Siyasetsiz seçmenlerin oyu yüzde 25 civarı. Bu insanlar kararsız değil, siyasetsiz. Kararlı biçimde AKP’ye oy veriyorlar ama bunun nedeni siyasi aidiyet değil. AKP’ye oy vermelerinin nedeni hiçbir muhalif partinin “Biz gelince ekonomi düzelecek” dememesi, dese bile bu iddiasını kanıtlayamaması.

Birileri aday “Alevi” olduğu için oy vermeyecekse, o kişiler zaten siyasidir ve zaten hiçbir şekilde oy kararlarını değiştirmezler. Siyasetsiz seçmen ise mezhebe bakmaz, “Bu aday sorunları çözer” kanaatine ulaşırsa oy kararını anında değiştirir.

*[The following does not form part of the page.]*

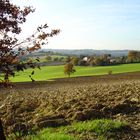 Paysage d’automne près de Condom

Anahtar bu nedenle, burada.

ABD’de bir siyahın başkan olması, Türkiye’de Demirtaş’ın başkan olması kadar imkânsız görünen bir iş. Obama bunu başardı. “Benden öncekilerden hesap soracağız” dediği için değil, tek bir sözü öne çıkardığı için kazandı: “Umut”. Demirtaş prangalara bağlı olmasa, bu ülkenin yüzde 80’ini ikna edebilecek mayaya sahip. Demek ki konu köken değil, üslup. Obama veya Demirtaş’ta bu potansiyel varsa, Kılıçdaroğlu’nda veya diğer adaylarda neden olmasın?

***

Kılıçdaroğlu rövanşist söyleme tamamen teslim olduğu 2014 yerel seçiminde en büyük yenilgiyi almıştı. Hâkim ve savcı rolüne soyunduğunda siyasetsiz seçmen o şartlarda bile AKP’de kümelendi. 2019 yerel seçimi buna taban tabana zıttı, CHP “radikal sevgi” stratejisini kullandı. Rakip ne kadar kışkırtsa da dilini değiştirmedi. 2009’da Akaydın’ın yaptığı gibi 2019’da İmamoğlu da aday olur olmaz Topbaş’ı ve Erdoğan’ı ziyaret etti; Yavaş iftiralar karşısında kan kustu kızılcık şerbeti içtim dedi; kimse AKP’ye MHP’ye laf çakmadı, bir tek başkan adayı bile kendinden öncekileri yargılayacağını söylemedi; halka gulyabani sözleriyle değil bahar şarkılarıyla seslenildi ve CHP 1977’den beri ilk kez bir seçim zaferi yaşadı.

Her şey ortadayken, Kılıçdaroğlu da tüm bunları iyi biliyorken şu anda neden agresif, rövanşist, tribüne oynayan ergen iletişimi yapılıyor? Bu hatalar yüzünden bir kez daha seçim kaybedilirse, esas sorumlular yine görünmez mi olacak ve “Ne yapalım, adam Alevi” mi denecek?

Muhalefet ittifakı seçimleri açık ara farkla kazanabilir. Cumhurbaşkanı adayı kim olursa olsun, başarısı veya başarısızlığı etnik kökeni, dini inanışı veya mezhebiyle ilgili olmayacak. Aday seçimi diliyle kazanacak veya diliyle kaybedecek. Gerisi bahane.